On Wednesday 3 January 2018 at 5.34 am, GMT, the Earth will reach its
perihelion;
the closest point on its orbit to the Sun, when it will be 147 097 233 km from the Sun. This is because the Earth's orbit is not a perfect
circle, but varies by 3.3% over the course of a year. The Earth will
reach its furthest point from the Sun, at a distance of 152 095 566 km,
at 5.46 pm GMT on 6 July 2016. This perihelion distance varies each
year; in 2017 the Earth reached 147 100 988 from the Sun and in 2019 it
will reach 147 099 760.
The Earth's Aphelion and Perihelion. My Dark Sky.

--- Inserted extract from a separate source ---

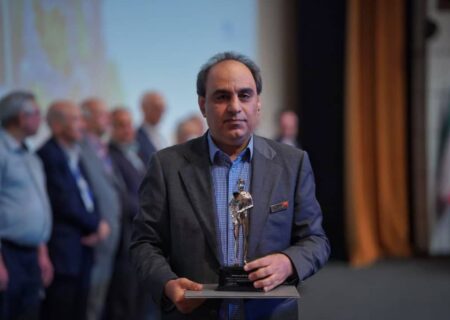 مرد سال فولاد ایران در جایگاه سیاست‌گذاری/  عضویت مدیرعامل فولاد اکسین در هیئت‌مدیره انجمن تولیدکنندگان فولاد ایران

This means that the Earth is at its closest to the Sun in the middle of
the Northern Hemisphere's winter, counter-intuitive to most of the
planet's population. This is, however, purely coincidental; the Earth's
season's are not caused by its distance from the Sun, which only varies
by 3.3%, but rather by the tilt of the planet. The Earth is currently
tilted at an angle of 25.5° to its plane of orbit (this varies on a
timescale of tens of thousands of years, but remains fixed from the
point of view of any human observer), causing the Sun to appear to rise
higher and lower in the skies of each hemisphere as the year goes by. In
the northern winter the Southern Hemisphere is tilted towards the Sun,
so that the days are longer there (and in around the Southern Solstice
in December, permanently above the horizon at the South Pole). In
addition the Sun being directly overhead means that the energy from the
Sun has to pass through less of the atmosphere before it reaches the
surface of the Earth, so that less energy is lost to the atmosphere,
causing the surface to warm.
How the tilt of the Earth relative to its plane of orbit causes the seasons. ESA.